Embora essa progressividade seja melhor do ponto de vista das contas públicas do que o fim do fator e sua substituição pela fórmula 85/95 fixa, que chegou a ser aprovada no Congresso e foi vetada por Dilma, especialistas alertam para a trajetória crescente das despesas a médio e longo prazo. Pela regra do fator, uma mulher com 52 anos de idade e 30 anos de contribuição teria ao se aposentar hoje uma redução de quase 40% no salário. Com a mudança, se permanecer na ativa por mais um ano e meio, o benefício será integral. E essa despesa adicional terá que ser carregada pela União por cerca de 30 anos (expectativa de vida).

No curto prazo, as receitas da União podem aumentar caso as pessoas decidam postergar o pedido de aposentadoria para receber o valor integral.

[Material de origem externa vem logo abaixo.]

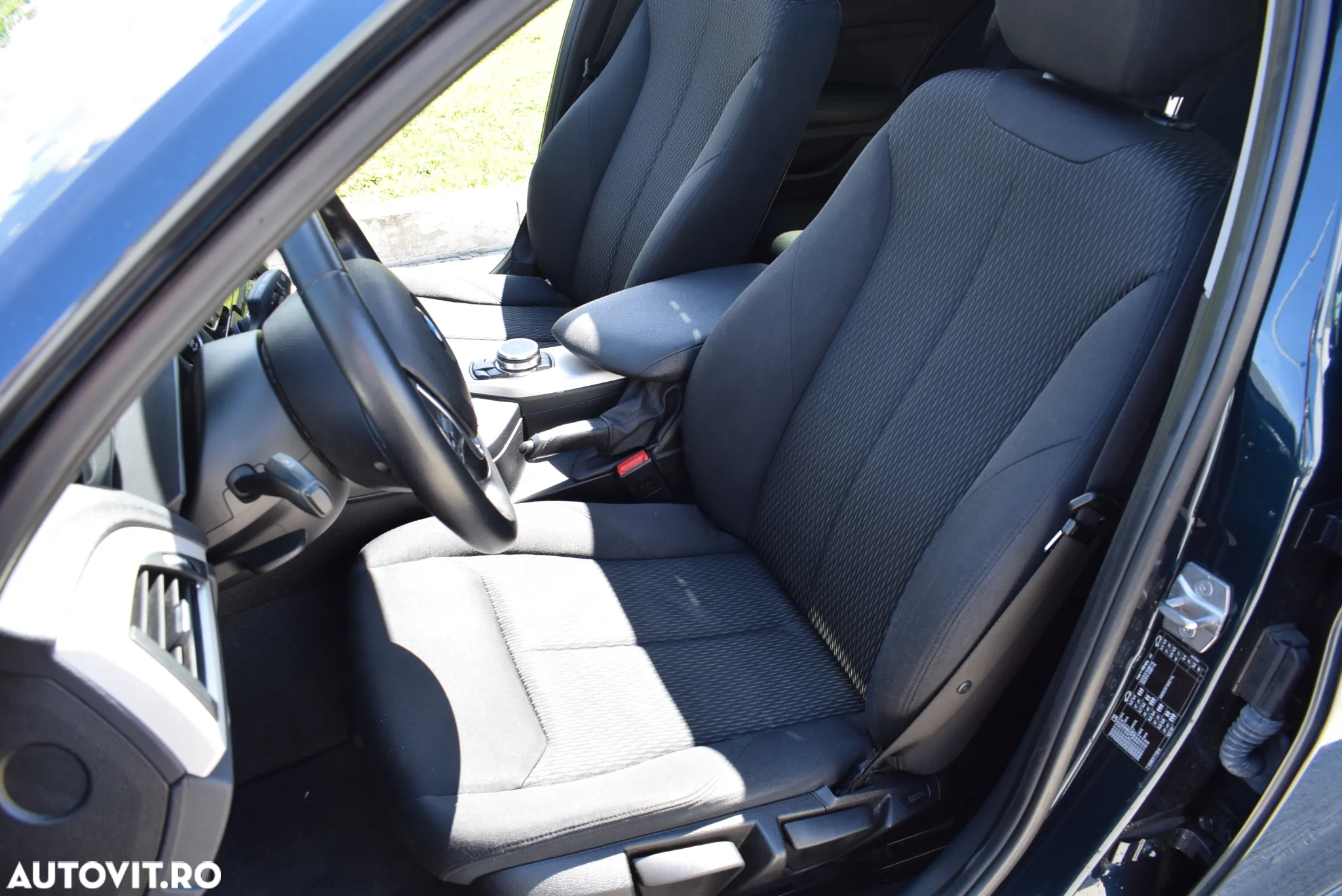 BMW Seria 1 120d Aut. Advantage - 12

Mas, a médio e longo prazos, os ganhos serão rapidamente eliminados pela trajetória crescente das despesas, disse o pesquisador do Instituto de Pesquisa Econômica Aplicada (Ipea), Rogério Nagamine.

— Essa alternativa vai custar caro porque aumenta muito as despesas com o regime de aposentadoria — afirmou Nagamine.

Instituído em 1999, o fator gerou para a Previdência uma economia de R$ 74,9 bilhões entre 2000 e 2014, segundo o Ministério da Previdência. Só no ano passado, o ganho foi de R$ 14,2 bilhões.

Ao sancionar a lei, Dilma vetou a desaposentação, que permitia aos trabalhadores que se aposentaram e decidiram continuar na ativa pedirem a correção do valor do benefício, com base no tempo adicional de contribuição e salário.

No governo, especialmente na área econômica, há consenso de que a reforma é crucial para sinalizar aos investidores compromisso com o equilíbrio das contas públicas. Mas, especialistas não acreditam que o Executivo vá enviar uma proposta de mudança ao Congresso, diante da falta de apoio politico. Foi criado um Fórum, com representantes das centrais sindicais para discutir o tema, mas ainda não houve avanços significativos.

O Brasil é um dos poucos países do mundo que não exige idade mínima para as aposentadorias por tempo de contribuição. A idade de 65 anos (homem) e 60 (mulher) é aplicada somente para a concessão de aposentadoria por idade. Neste casos, é preciso ter contribuído para a Previdência por pelo menos 15 anos.